Une bande-annonce « Le futur c'est déjà demain », et cette phrase apparemment privée de sens, ou relevant du truisme pathologique, tape en réalité très juste, bien plus qu'une couverture certes venue de la bande dessinée, ce qui pourrait se justifier, mais sans grand rapport avec quoi que ce soit. Ce futur annoncé1 est en effet placé sous l'angle de la plus pure quotidienneté. Façon Journée d'un journaliste américain en l'an 2889, s'il faut une référence vernienne. Aux antipodes d'une S.-F. relevant souvent — et pour notre plaisir — de l'épopée, de l'exceptionnel, du truc-qui-engage-l'avenir-de-l'univers (ou de l'Humanité, ou de tout ce que vous voudrez), bien davantage que du roman tel qu'il s'est installé dans la littérature mimétique.

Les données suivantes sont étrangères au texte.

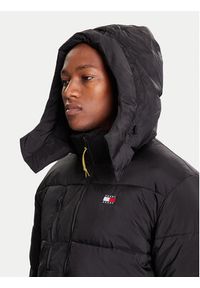 Tommy Jeans Płaszcz zimowy DM0DM22256 Czarny Regular Fit. Kolor: czarny. Materiał: syntetyk. Sezon: zima #7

On est bien dans le quotidien du narrateur. Qui vit, tout simplement. Fait son boulot. Gère une attraction d'un parc Disney. Se bagarre contre des concurrents. A des hauts et des bas, avec une certaine propension aux bas. A aussi des ennuis de santé. Des problèmes de connexion au réseau, aussi. Se souvient d'amours antérieurs et de quelques autres épisodes de sa jeunesse. Se fait plaquer par sa compagne au profit de son meilleur ami. Voit le dit meilleur ami programmer paisiblement son suicide.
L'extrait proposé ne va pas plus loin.